2.2.7. If the vehicle tested is equipped with an exhaust system comprising more than one tailpipe, the connecting tubes must be connected together by a manifold installed as near as possible to the vehicle.
2.2.8. The gas samples must be collected in sampling bags of adequate capacity so as not to hinder the gas flow during the sampling period.
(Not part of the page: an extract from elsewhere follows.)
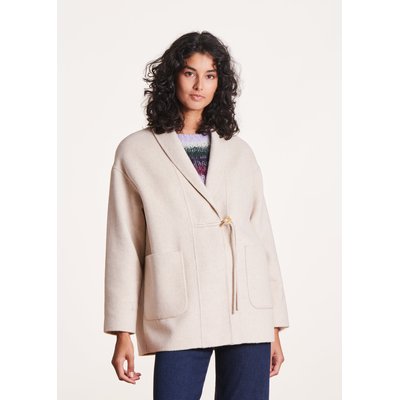 Manteau court en laine LA FEE MARABOUTEE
These bags must be made of such materials as will not affect the concentration of pollutant gases (see 2.3.4.4).
2.2.9. The variable-dilution system must be so designed as to enable the exhaust gases to be sampled without appreciably changing the back-pressure at the exhaust pipe outlet (see 2.3.1.1).
2.3. Specific requirements 2.3.1. Exhaust-gas collection and dilution device 2.3.1.1. The connection tube between the vehicle exhaust tailpipe(s) and the mixing chamber must be as short as possible ; it must in no case: - cause the static pressure at the exhaust tailpipe(s) on the vehicle being tested to differ by more than ± 0,75 kPa at 50 km/h or more than ± 1,25 kPa for the whole duration of the test from the static pressures recorded when nothing is connected to the vehicle tailpipes. The pressure must be measured in the exhaust tailpipe or in an extension having the same diameter, as near as possible to the end of the pipe,
- change the nature of the exhaust gas.
2.3.1.2. There must be a mixing chamber in which the vehicle exhaust gases and the dilution air are mixed so as to produce a homogeneous mixture at the chamber outlet.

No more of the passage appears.